Moonstone By Rhea Raghaven
For centuries now, the moonstone has captured the imagination of countless lovers and romantics with its bluish-white luminosity. It is the closest a man can get to bringing his lover a piece of the famed moon. So similar is this precious gem in its luminosity to the moon that it actually led the ancient Romans to believe that the moonstone was infact a frozen piece of moonlight. The mysticism and the romanticism of the stones continue to draw in admirers even today across the world.
Within the gemstone industry the stone is better known as “adularescence “due to its mysterious shimmer when held in different positions against the light. Its cooling lunar light is cause by the presence of two distinct types of feldspar with different refractive indexes. The rarest and perhaps the purest forms of the stone are found and mined in Sri Lanka and Burma and display an almost translucent background with a pale blue shimmer. While those found in India, Brazil, America and Australia could vary in color from pinks, light browns to yellows and gray’s. However nothing says true romance like the pale blue lunar lit moonstone.
Regarded very highly for its mystical properties, the stone enjoys a fair amount of popularity across religions and cultures. In India the stone is considered magical and heavenly and is worn by many to incite good fortune, luck and happiness. It also symbolizes fertility in the Middle Eastern culture.
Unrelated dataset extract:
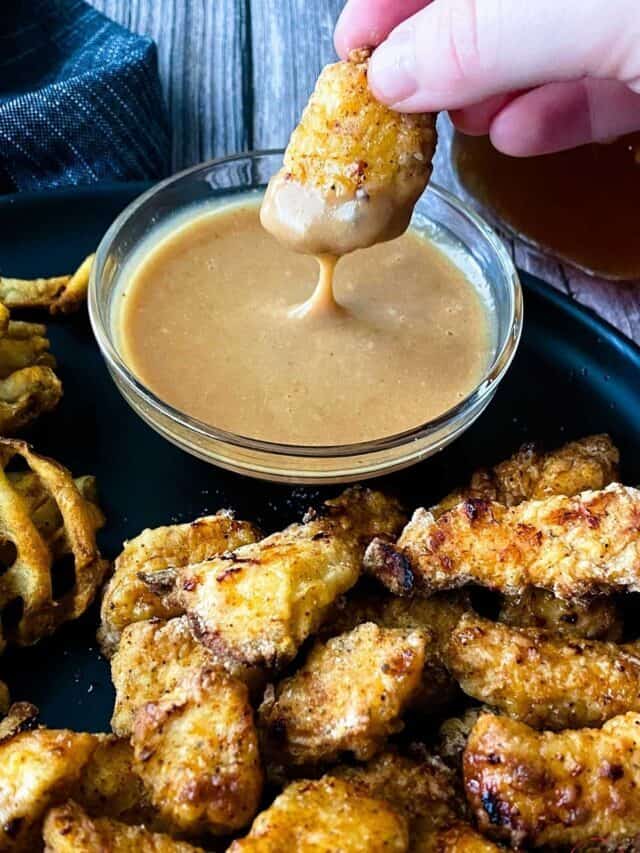 Delicious         Chick-fil-A Sauce!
The stone is said to bring equilibrium and balance in a persons emotional and mental sustenance and is often suggested to short tempered people by astrologers in India.
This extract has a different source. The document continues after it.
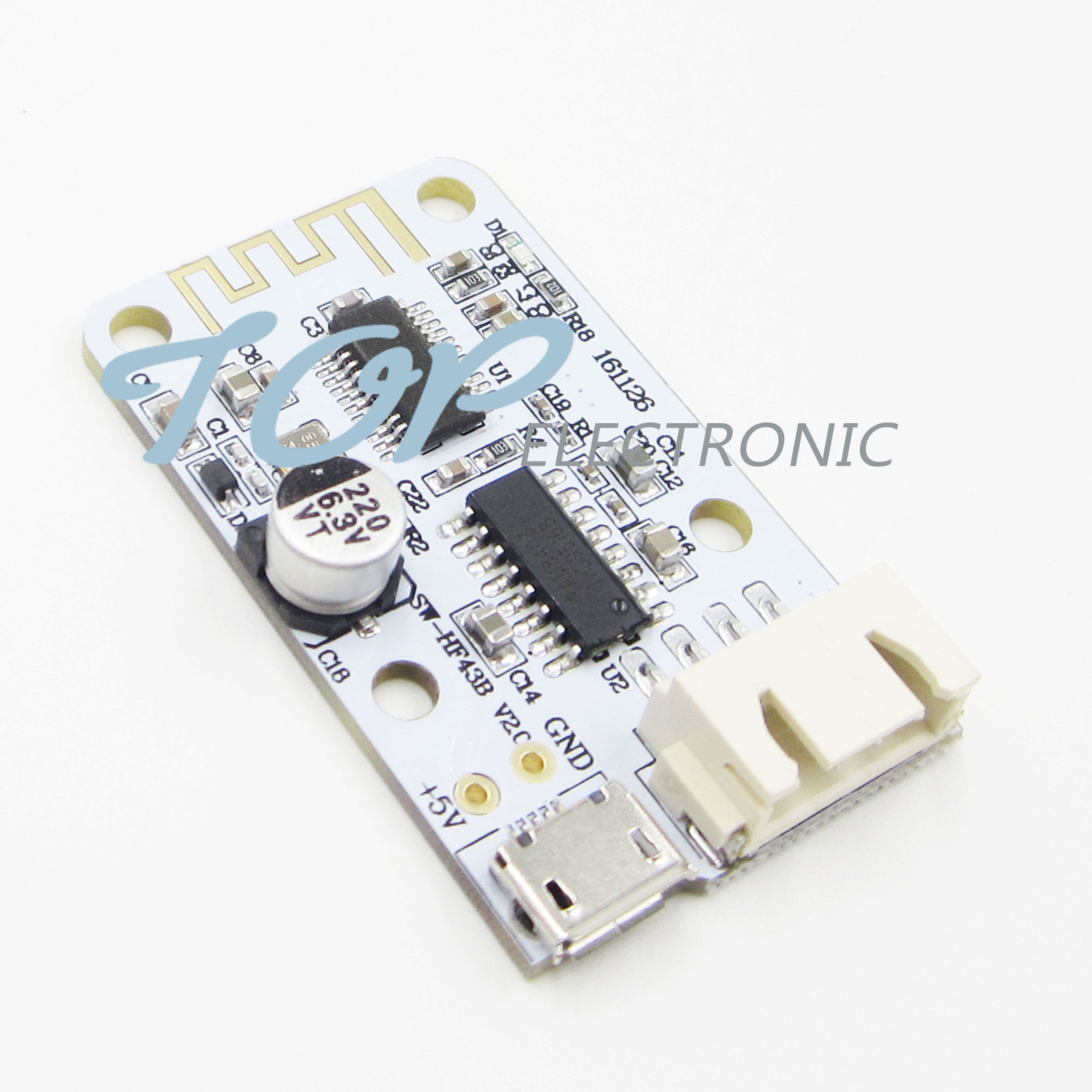 3W+3W Wireless Bluetooth 4.0 Audio Receiver Steady Digital Amplifier Board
Its discreet color has resulted in women and men across borders, kingdoms and cultures to wear it in their jewelry and was perhaps one of the most popular gems worn in the ancient times.
The stone’s allure and its angelic hue have also won it the name of ‘the lovers’ stone’. Even to date it symbolizes the bond between lovers and is said to evoke tender feelings and safeguard the wondrous joys of love. In effect the moonstone takes on almost all the qualities that lovers and believers ascribe to the moon itself. Its calming appeal both in appearance and texture is perhaps the reason why so many thousands reach out to keep a piece of the ‘moon’ for themselves.
A truly heavenly gemstone, the surreal beauty and aura of the stone has transcended all levels of religion, romance and mysticism. Cut as cabochons to help maintain and accentuate their shimmer, the demand for moonstones has sharply risen in the last half century or so. While the classical blue moonstones are steeply prices in view of its intensity of color and increased transparency the Indian moonstones are equally enchanting and a lot more reasonable.

Desirable, sensual and seductive, these stones portray a subtle elegance that enchants and evokes love. A love and desire to own a piece of the symbol of romance- the enchanted moon.